En el prólogo a la nueva edición de la biografía oficial, asombra a Hunter Davis la permanencia del fenómeno. Escribe: “Quizá lo más sorprendente de los Beatles a lo largo de las últimas décadas sea el hecho de que cuanto más nos alejamos de ellos, más grandes resultan”. En busca de explicaciones, se detiene en siete aspectos. Los tres primeros son la influencia musical, política y comercial: el reconocimiento de los nuevos grupos a los aportes de los Beatles, su posible influencia en cambios sociales (por ejemplo, hay la idea de que ayudaron al colapso de la Unión Soviética) y las ventas actuales de sus discos (el recopilatorio 1 vendió 21,6 millones de copias). Luego está su presencia académica (los Beatles como asignatura escolar), la industria que sigue apoyándose en ellos (los festivales, el turismo en Londres y Liverpool, las disqueras independientes que ofrecen versiones alternas de sus álbumes, los grupos de tributo y los fabricantes de memorabilia), y la presencia de objetos relacionados con el cuarteto en subastas de todo el mundo: en 1999 la letra manuscrita de “I am the Walrus” fue adquirida por ochenta mil libras.
El último punto es el de la bibliografía beatle, ya muy amplia y en franco proceso expansivo: el especialista Mark Lewisohn (autor, entre otros títulos, de The Complete Beatles Recording Sessions: The Official Story of the Abbey Road Years 1962-1970) prepara, para el siguiente lustro, una amplia historia beatle en cuatro o cinco tomos. En español aparecieron este 2005 la biografía de Hunter Davis (Ediciones B) y Lennon recuerda (Aguilar), de James S. Wenner, con las entrevistas completas de 1970 a la revista Rolling Stone, todavía al calor de la ruptura, mismas que generaron un diálogo ríspido con McCartney. Éste respondió primero en Melody Maker y luego en el disco Ram (1971), con la canción de apertura “Too Many People”, en donde le decía a John que sólo era un chico tonto que destruía sus oportunidades. Lennon reaccionó con “How do you Sleep?” (“¿Cómo puedes dormir?”) y “Crippled Inside” (“Lisiado por dentro”), de Imagine (1971), y a la portada del disco de McCartney (con éste sosteniendo los cuernos de un carnero) opuso una postal inserta en el elepé con Lennon tomando por las orejas a un cerdo...

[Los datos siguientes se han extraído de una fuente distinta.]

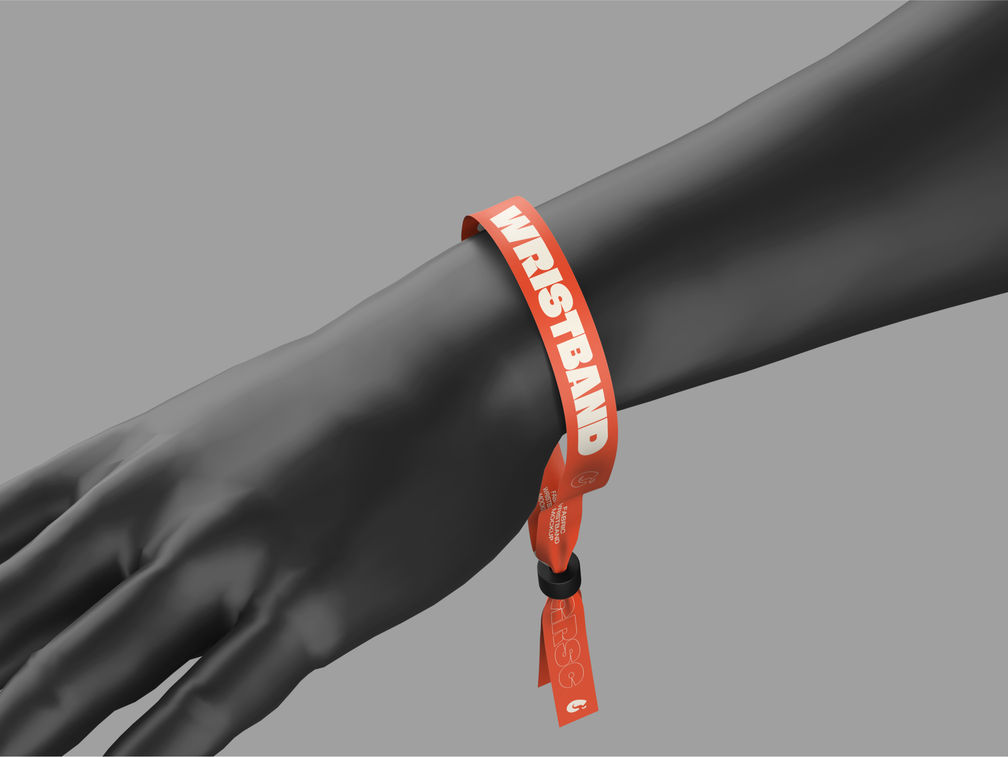 Fabric Wristband Mockup Flying View Preview 1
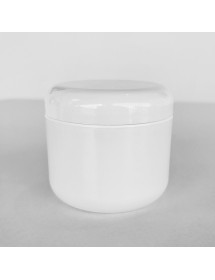 Pot radius blanc en plastique 4 oz 70/400 + couvercle + liner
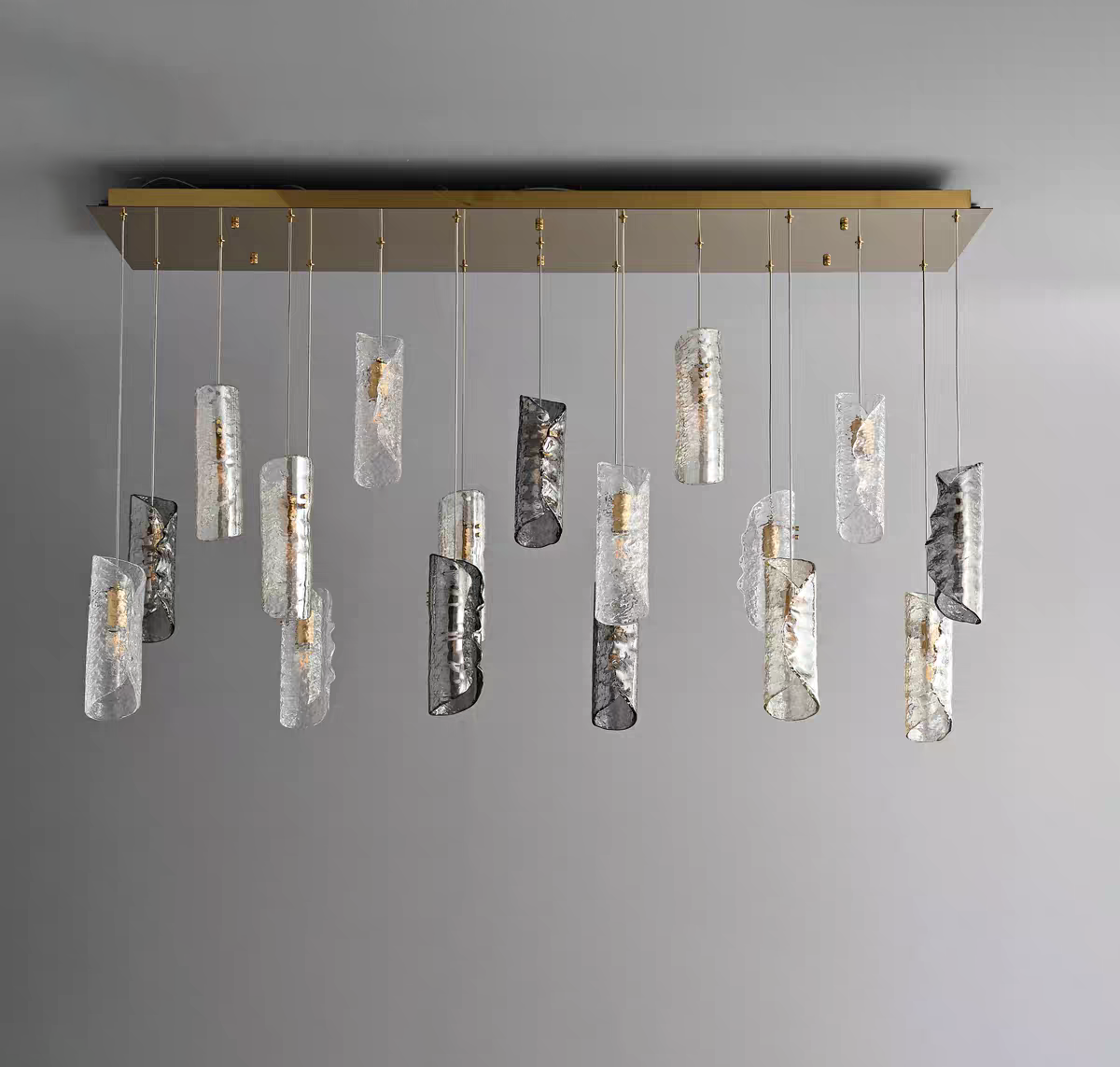 Overhead depiction of the 17-light Frosted Glass Chandelier, showing the broad rectangular canopy and light distribution.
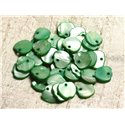 10pc - Perles Breloques Pendentifs Nacre Pommes 12mm Vert   4558550005434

La historia beatle es un asunto al que se va y se viene. Los fanáticos de entonces y de ahora comparten varios traumas: el de la separación es uno, con la posibilidad en los años setenta de que se reunieran de nuevo (hubo la mediación, incluso, de la Organización de las Naciones Unidas); y otro trauma es el del asesinato de John Lennon, el 8 de diciembre de 1980 frente al edificio Dakota en Manhattan, veinticinco años atrás.
Desfase o anacronismo, locura mexicana o universal, el cuento y la música beatle siguen siendo poderosos. Y aunque el sueño terminó, como sentenció Lennon en “God”, el sueño extrañamente continúa.